While it is God’s prerogative to forgive sins, in a system of rule of law the accountability for actions cannot be bypassed by a resignation. In a version of the act of contrition, the sinner speaks of his regret for having sinned and thus having suffered the loss of heaven and the pain of hell. The Maltese version is harsher – the heaven I have lost and the hell that I have gained. Catholic rites have always been dark. That’s a stark contrast to the triumphalism surrounding the resignations of Muscat, Schembri, Cutajar, Mizzi, Cardona and more.

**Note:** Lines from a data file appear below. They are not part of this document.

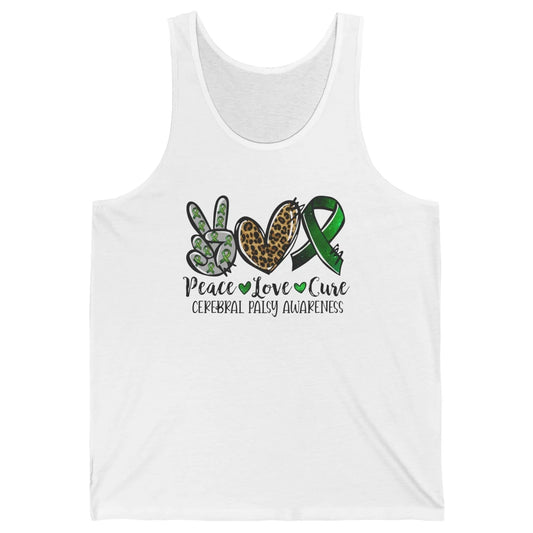 Cerebral Palsy Awareness Heart Green Ribbon Peace Love Cure Unisex Jersey Tank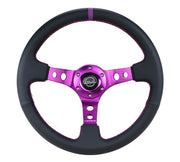 NRG NRG 350mm Sport Steering Wheel Black Leather/Purple Spoke w/Round holes/Purple Stitch, 3" Dish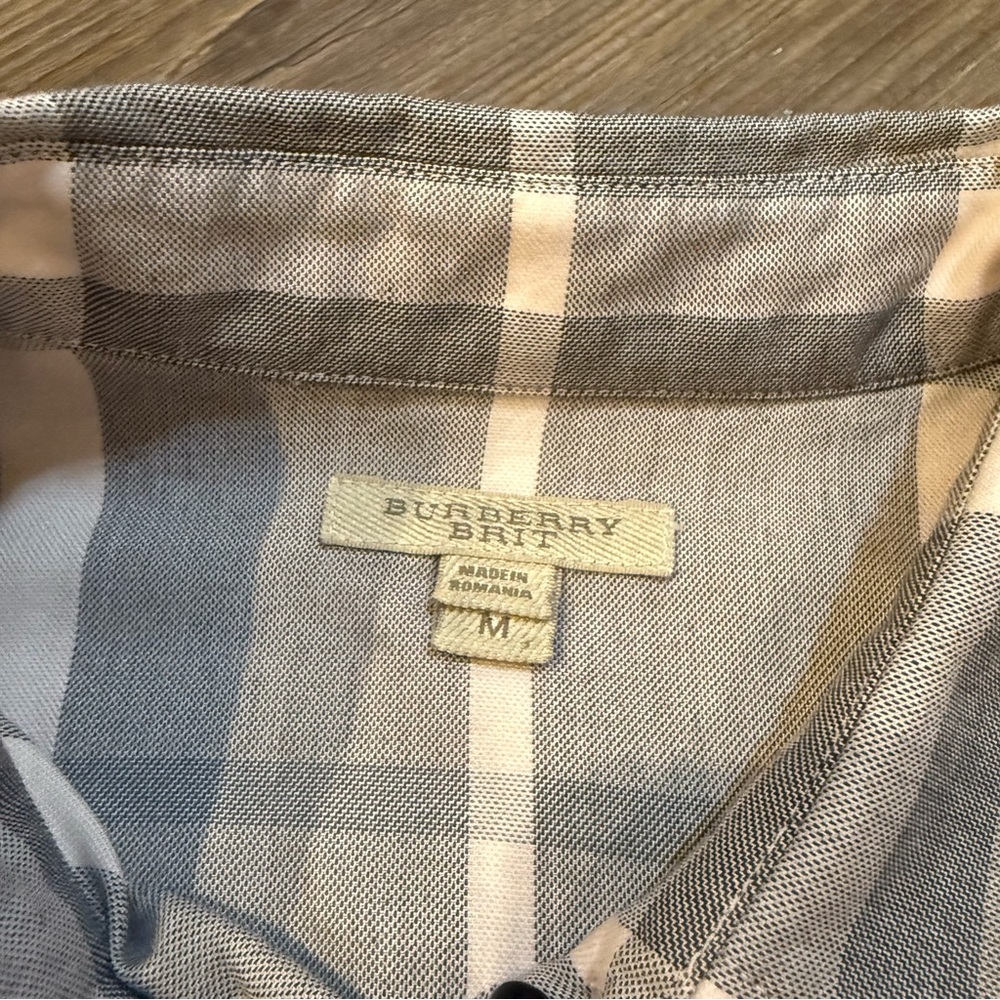 BURBERRY BRIT Women’s 3/4 Sleeve Plaid Button Down 100% Cotton Shirt Size Medium - Picture 9 of 12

The new Cabinet members are going to great lengths to distance themselves from the decisions made in the Muscat era. Suddenly they are all discovering how uncomfortable they were with certain people and certain processes. Their lip service may please those hypnotised by the cosmetics of change, but the failure of this Executive to move to real action concerning the accountability of those who have supposedly retired will come back to haunt the lot of them. Actually, it already has.

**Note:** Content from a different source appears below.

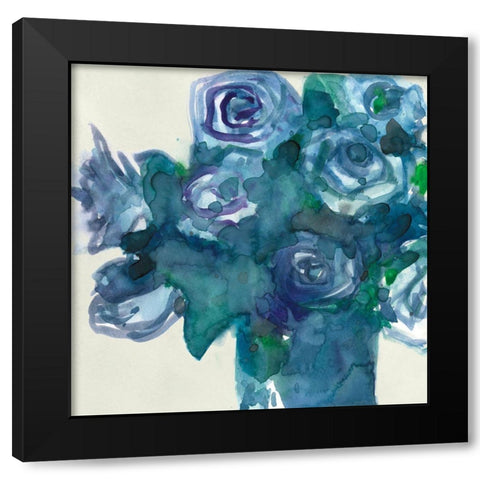 Turquoise Bunch I Black Modern Wood Framed Art Print with Double Matting by Dixon, Samuel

Remedies for the soul and remedies for the State
On Sunday morning we woke up to the news that Silvio Valletta, former deputy police commissioner and husband to the Minister for Gozo, had holidayed with Daphne Caruana Galizia’s murder suspect Yorgen Fenech. Valletta is another example of the conflicts of interest that ran wild under Muscat. Valletta’s retirement did not come a day too soon – his answerability for blatant conflict of interest remains pending.
The following morning, we have his wife Justyne Caruana’s resignation. I’d like to be able to say it was inevitable and expected but given the time we had to wait for something to happen with regards to Cutajar, Mizzi and Schembri then we could all be forgiven for not holding our breaths. Abela has a huge problem on his hands – no amount of cosmetic changes will alter the basic fact that the whole of the Labour parliamentary contingent stood squarely behind Muscat until the day he “went away”. What should be a Party in government is in fact a walking cupboard full of an endless supply of skeletons. A dead government walking.
With that in mind, no amount of toying superficially with laws by a Committee of Compromised Ministers will suffice to remedy the ills of the State. The Venice Commission, the EU institutions and other watchdog entities will be reinforced by the continued vigilance and action by civil society.
Because today, ‘sorry’ is not enough.